**Data for processing:**
* * * *
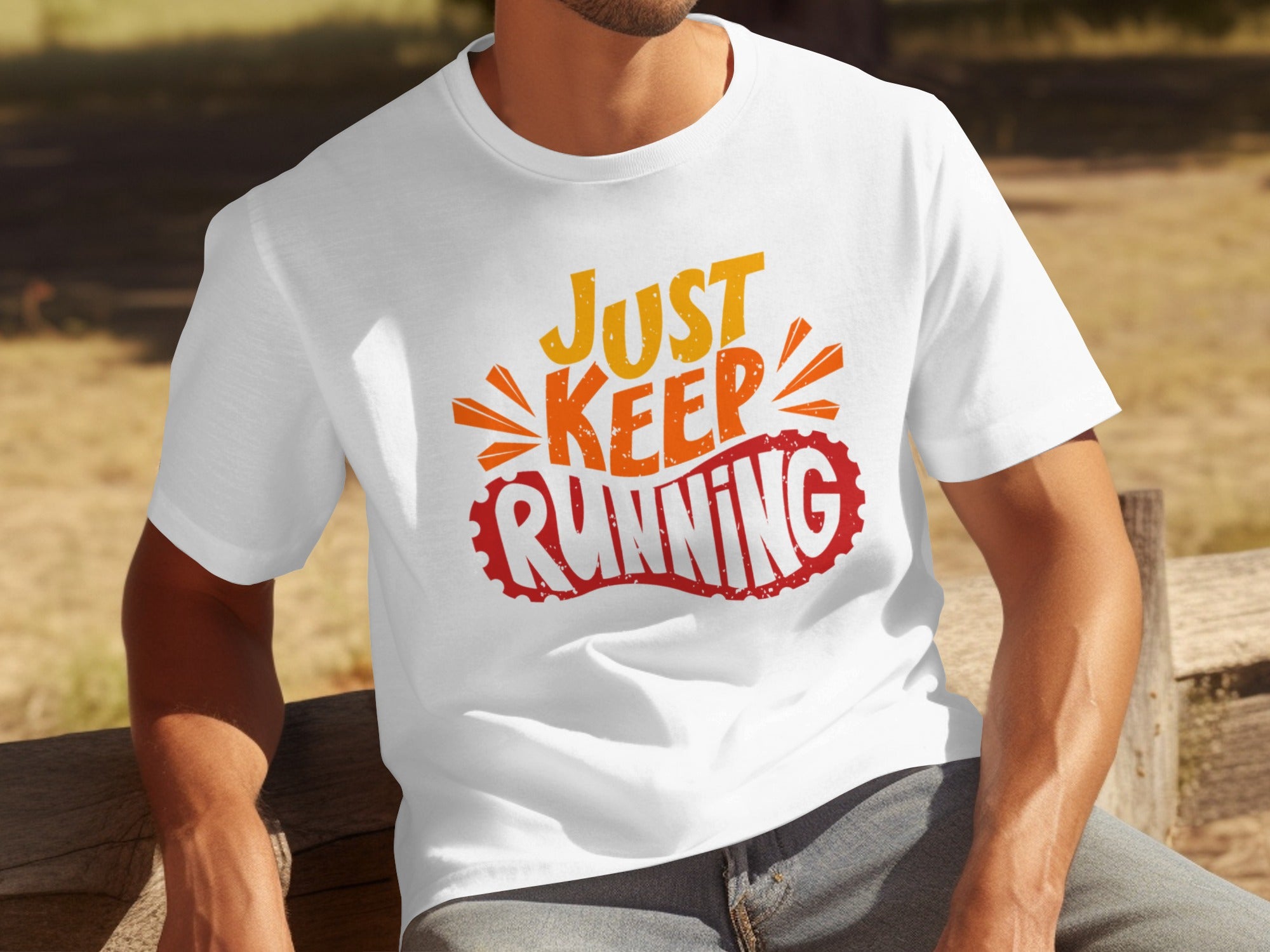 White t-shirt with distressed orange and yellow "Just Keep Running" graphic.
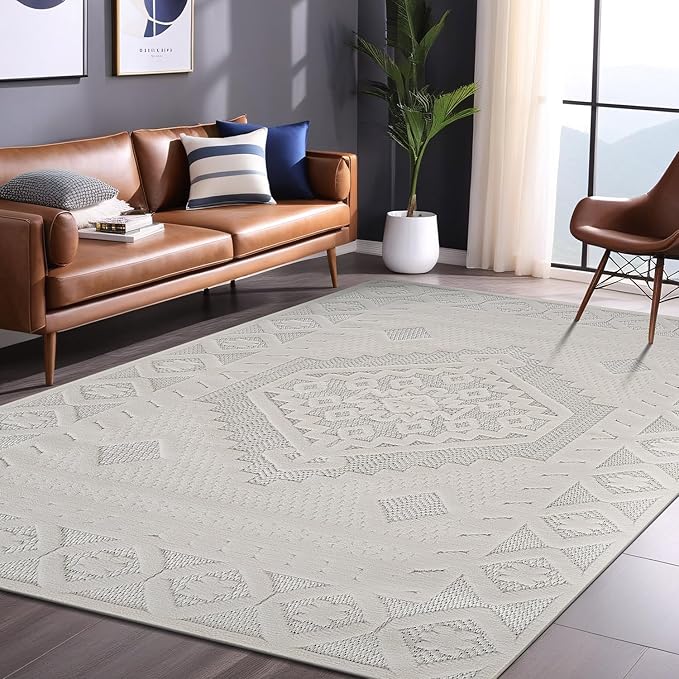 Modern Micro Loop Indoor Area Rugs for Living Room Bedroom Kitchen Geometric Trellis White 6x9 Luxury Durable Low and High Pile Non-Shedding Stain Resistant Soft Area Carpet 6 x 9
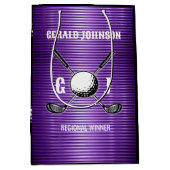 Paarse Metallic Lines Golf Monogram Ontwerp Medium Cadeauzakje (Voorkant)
* * * *
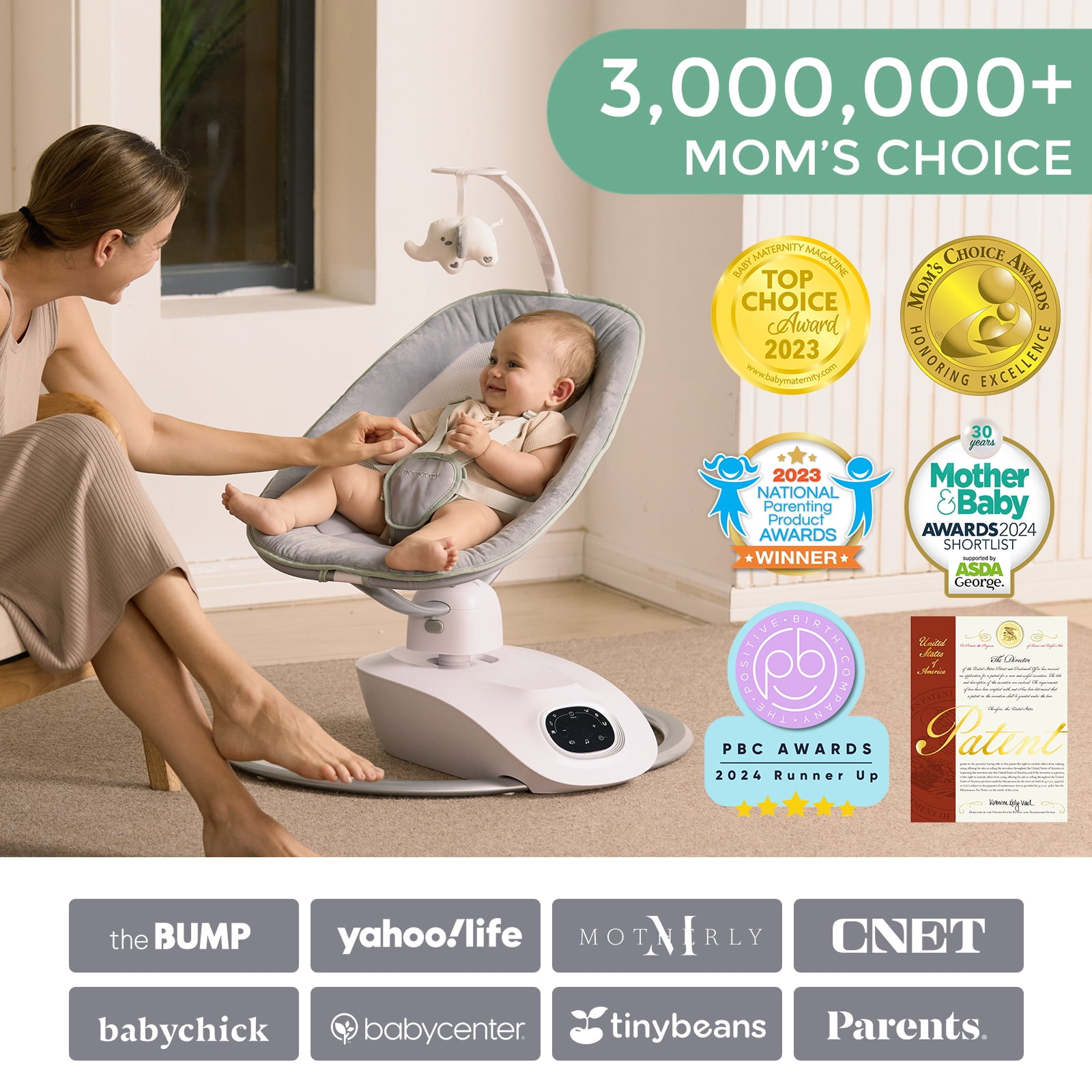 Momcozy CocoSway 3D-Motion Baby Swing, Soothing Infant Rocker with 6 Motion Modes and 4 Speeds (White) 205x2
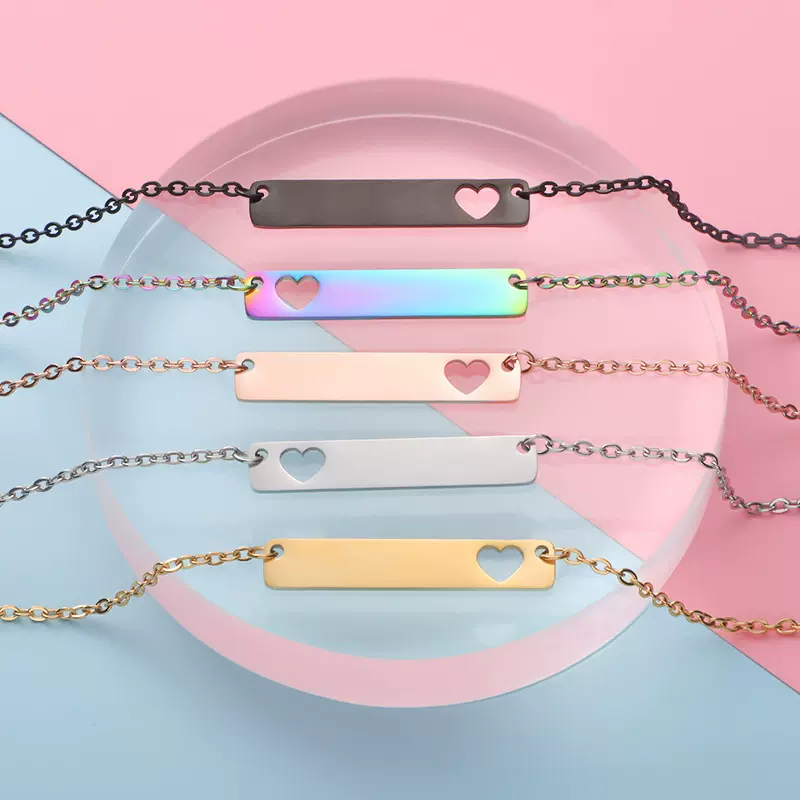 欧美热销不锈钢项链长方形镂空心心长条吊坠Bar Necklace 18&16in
* * * *
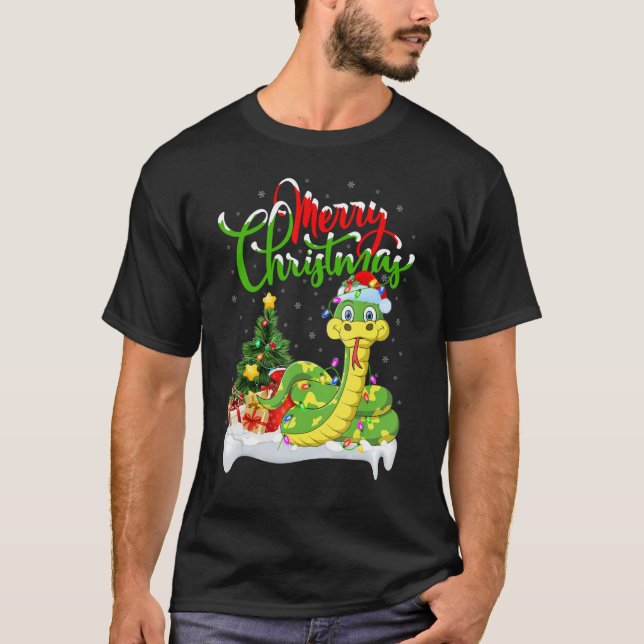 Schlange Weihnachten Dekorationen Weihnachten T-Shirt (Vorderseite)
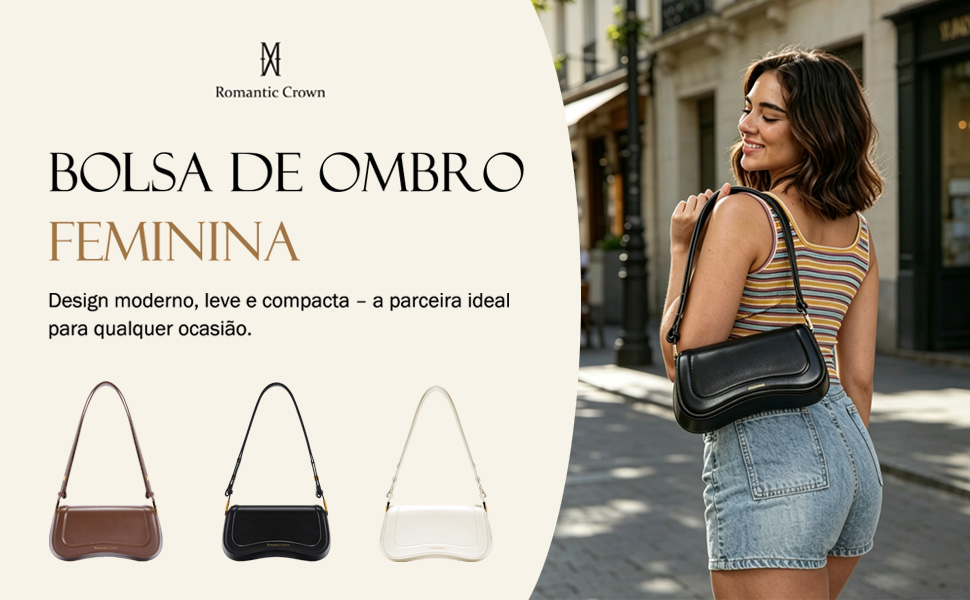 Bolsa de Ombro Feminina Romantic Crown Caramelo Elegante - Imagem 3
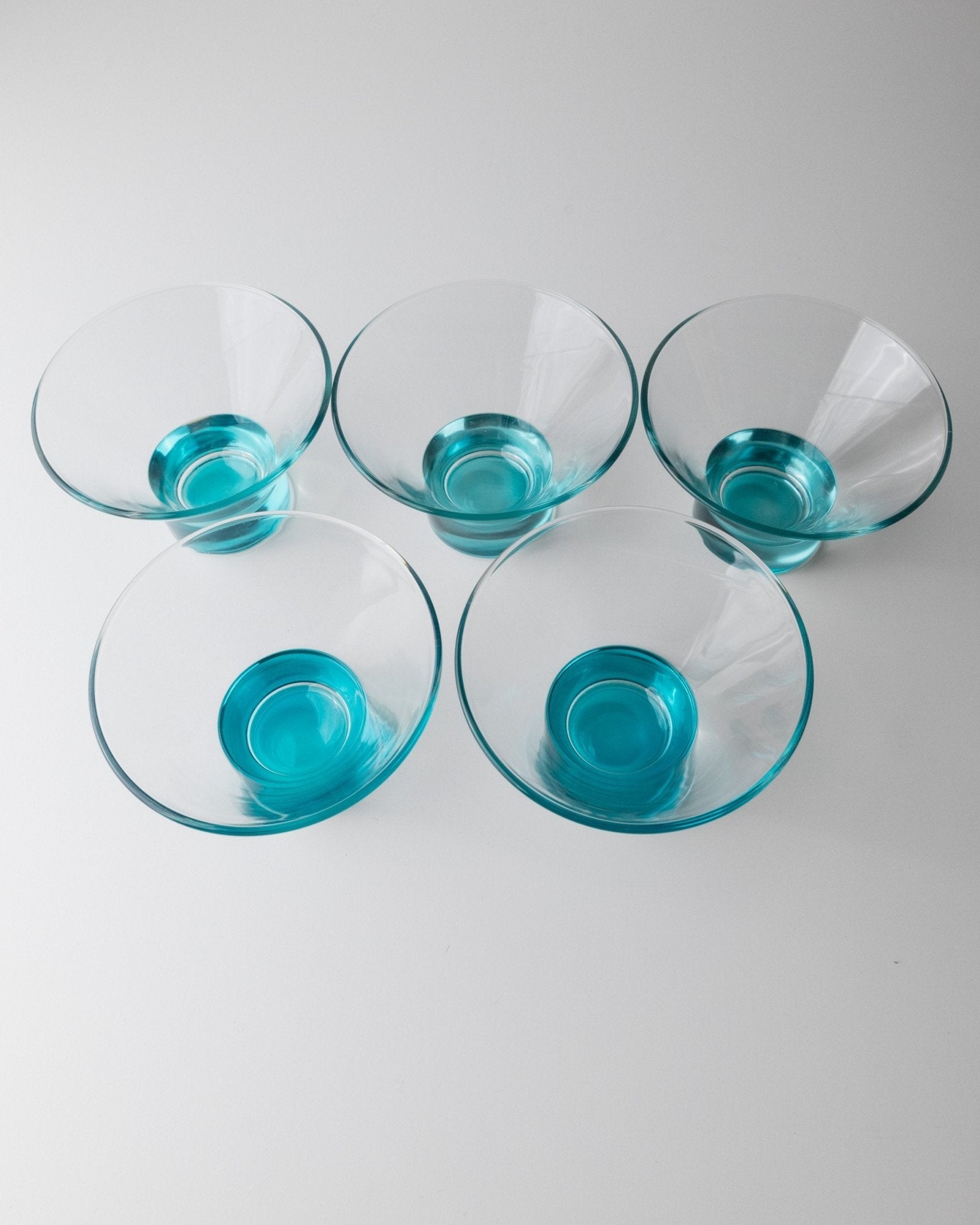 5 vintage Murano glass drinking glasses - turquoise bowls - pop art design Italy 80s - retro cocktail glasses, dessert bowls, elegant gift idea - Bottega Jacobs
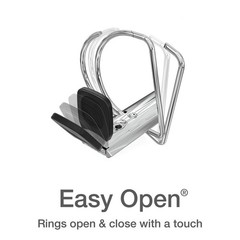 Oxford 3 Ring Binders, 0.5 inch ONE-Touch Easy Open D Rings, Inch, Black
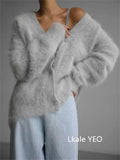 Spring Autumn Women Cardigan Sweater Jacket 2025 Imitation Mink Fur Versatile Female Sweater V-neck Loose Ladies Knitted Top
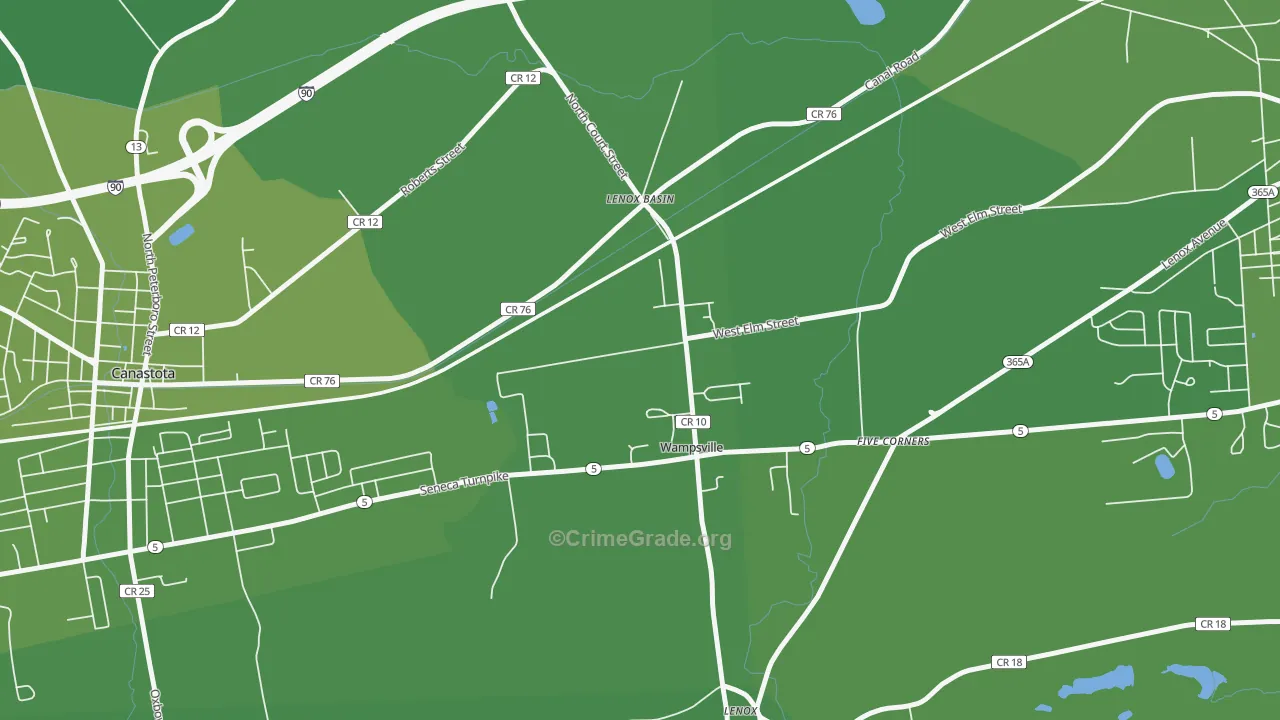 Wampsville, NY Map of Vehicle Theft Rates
* * * *
**What is expected:** Word for word, retype the lines in the entries above that run from the one with "Bolsa de Ombro" through the one with "Wampsville, NY Map of Vehicle Theft Rates". Both ends count; pictures do not.

**Response area:**
 Bolsa de Ombro Feminina Romantic Crown Caramelo Elegante - Imagem 3
 5 vintage Murano glass drinking glasses - turquoise bowls - pop art design Italy 80s - retro cocktail glasses, dessert bowls, elegant gift idea - Bottega Jacobs
 Oxford 3 Ring Binders, 0.5 inch ONE-Touch Easy Open D Rings, Inch, Black
 Spring Autumn Women Cardigan Sweater Jacket 2025 Imitation Mink Fur Versatile Female Sweater V-neck Loose Ladies Knitted Top
 Wampsville, NY Map of Vehicle Theft Rates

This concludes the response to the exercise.